The next level of autonomy is for your EMS to ask permission to take an action. The small amount of time required for someone to examine the suggested repair and ensure that it makes sense probably is worthwhile, at least the first couple of times. After an engineer approves the repair, the EMS can implement it. As your confidence grows regarding your EMS' reliability in recommending certain types of repairs, you can consider increasing its autonomy.

The highest level of autonomy is for your network to detect a fault and repair it without any human intervention. You already use this level of autonomy if you use spanning tree, HSRP, or a dynamic routing protocol in your network. What we are talking about here is doing things that the view that your NMS has of your network makes possible. Now, let's look at some examples of what might be possible in your network.

Examples of Fault Repair

Your knowledge base can enable your EMS to determine what actions to take to repair the network. One of the simpler things that your EMS can do is to watch for devices that are misbehaving in ways that affect other devices on the network.

For example, consider a device that is connected to a switch and that continually links to the network and then drops that link. The device's behavior could cause the switch to continuously recalculate its spanning tree possibly enough that the reliability of the network is affected. The signs of this issue are a port on the switch that is reporting a high rate of link down and up events and a high CPU load on that switch. With the high rate of transitions, it's unlikely that anything useful is being done on that port. Therefore, the EMS could safely recommend that the errant port be shut down. An easy next step would be for the EMS to report the problem for followup later.
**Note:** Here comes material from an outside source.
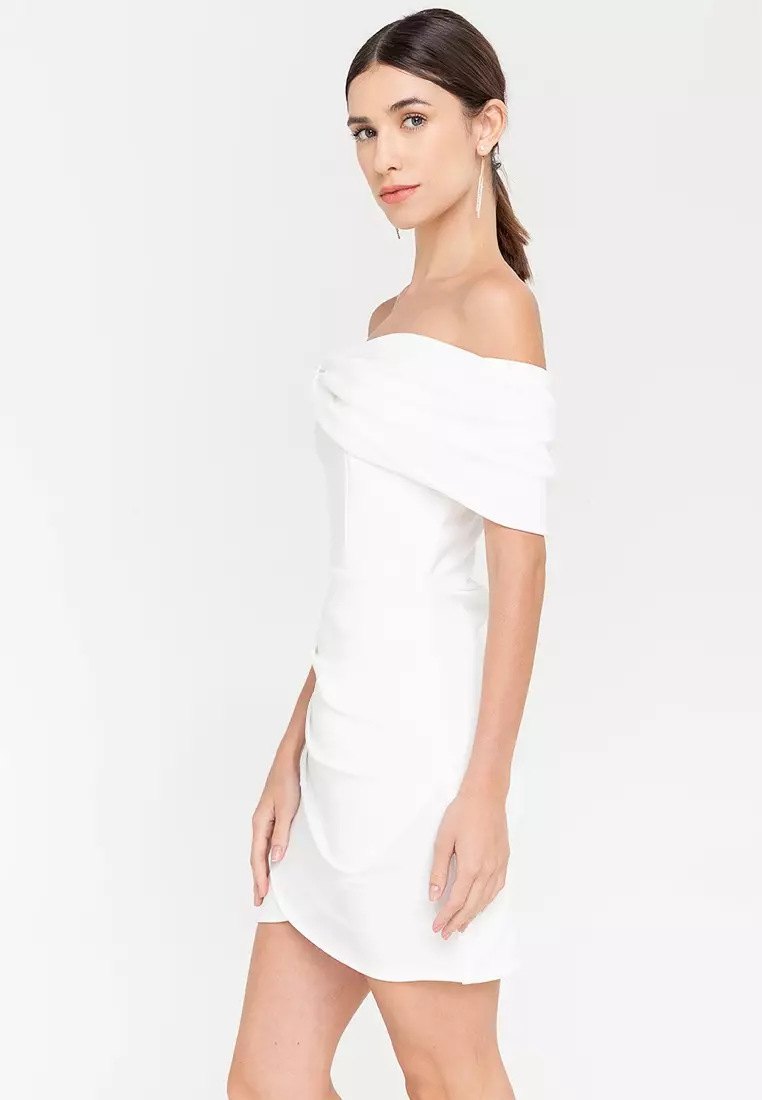 Raina Off-the-Shoulder Wrap Mini Dress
Another example involves solving an issue with IP multicast traffic sourced from a switch using CGMP to limit the traffic to only ports that find the traffic "interesting." As CGMP is only able to limit multicast traffic coming from a router, it is possible for one port to flood other ports on the same VLAN on the same switch with a high rate of multicast traffic. If there are ports of varying speeds in that VLAN, it is especially easy for the higher-speed ports to saturate the lower-speed ports with multicast traffic.
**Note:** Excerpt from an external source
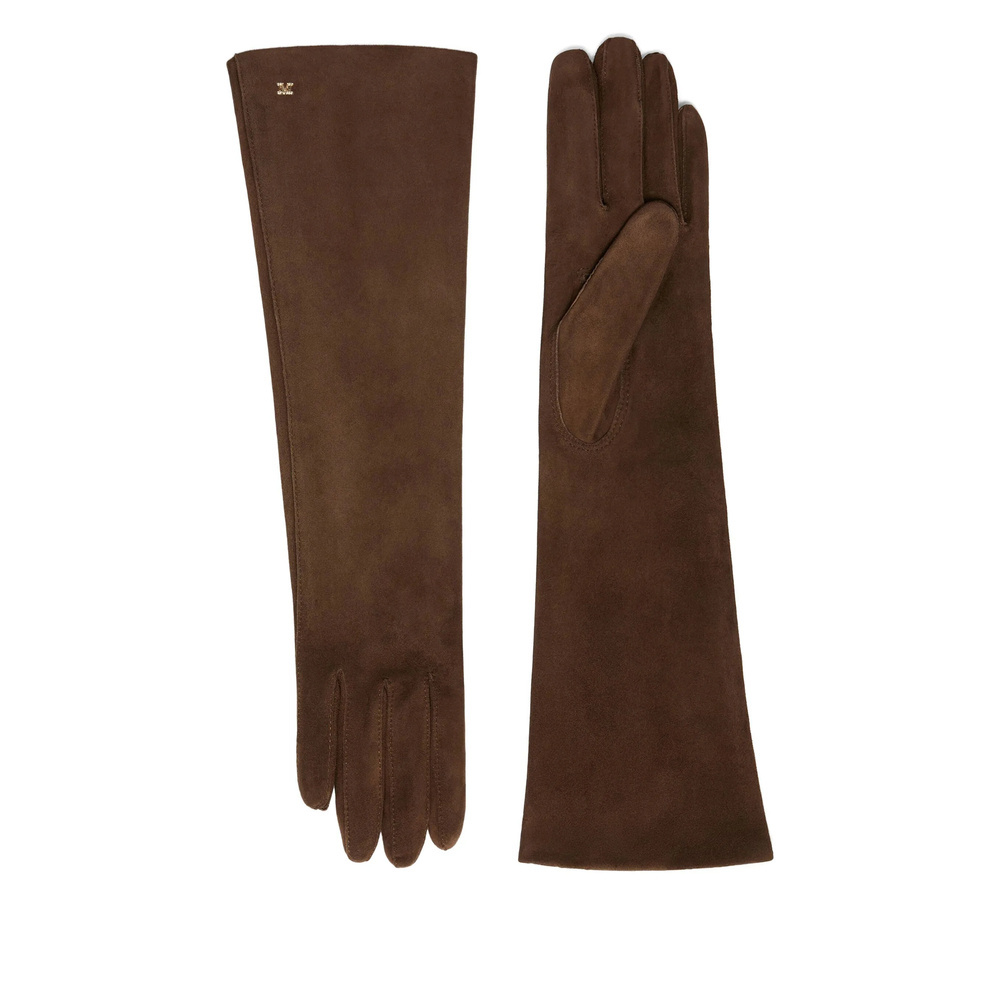 Max Mara Afideesuede Gloves In Suede Nappa In Brown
Knowing these things about the nature of multicast traffic, you easily can establish a policy for the maximum amount of multicast traffic that is allowed to be sourced from any port. Setting a threshold on the amount of multicast traffic sent on all ports (ifOutMulticastPkts in the IF-MIB from RFC 2233) to the chosen limit will alert you when this policy is violated.
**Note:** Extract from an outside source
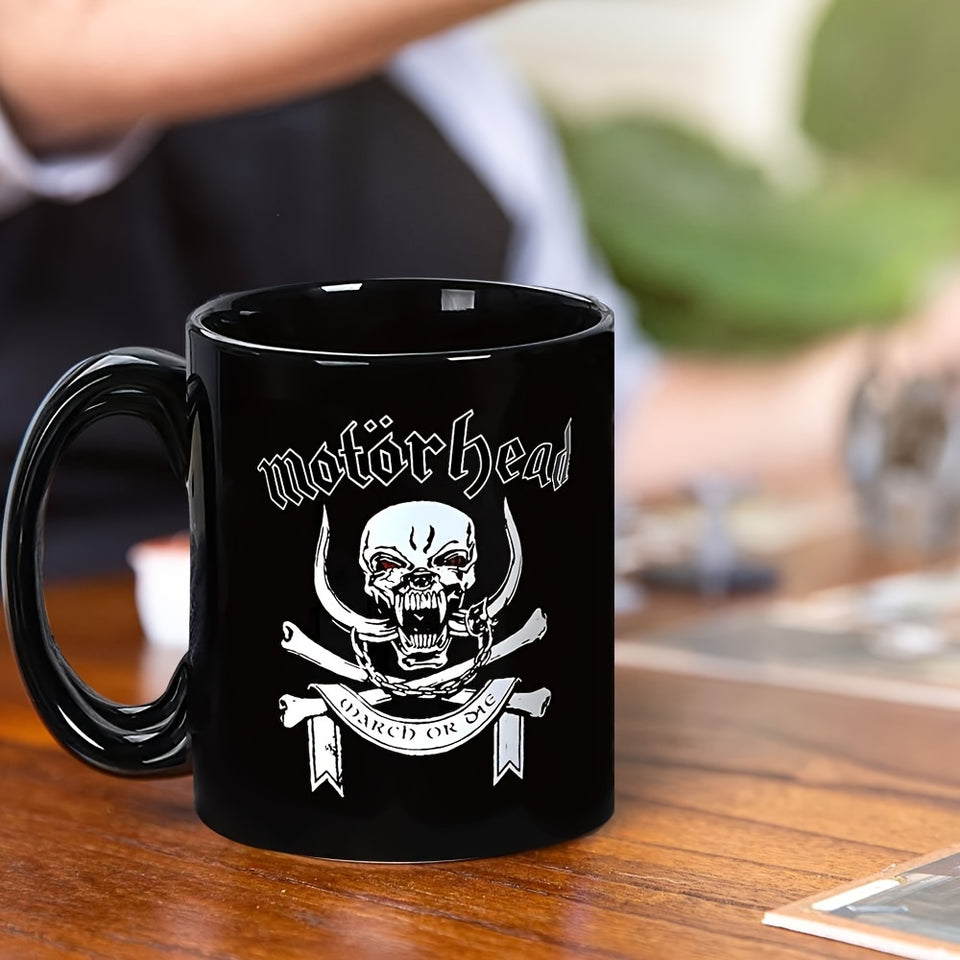 1pc British Motohead Classic MOTORHEAD Ceramic Coffee Cup, Creative And Novel Mug Gift, Holiday Gift, Summer Cold Drink Cup, Birthday Gift For Family, Friends, Colleagues And Classmates Black 11oz, Cup For Restaurant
You probably also want to set a separate policy on the maximum amount of broadcast traffic that can be sourced across all ports on that VLAN. In both cases, you can set thresholds. First, you need to select a port that should always be operational and for which the connected devices do not subscribe to any multicast groups. Setting thresholds on the selected port for the amount of multicast traffic received (ifInMulticastPkts) will generate a fault if this VLAN is exceeding this threshold.

Your EMS can report misbehaving ports and shut down ports if the issue is a serious enough problem.

Other possibilities for network self-healing include the EMS understanding recent changes in the network, such as configuration changes on devices or software-image changes, and being able to roll back the changes if problems occur on the network that could be attributed to those changes.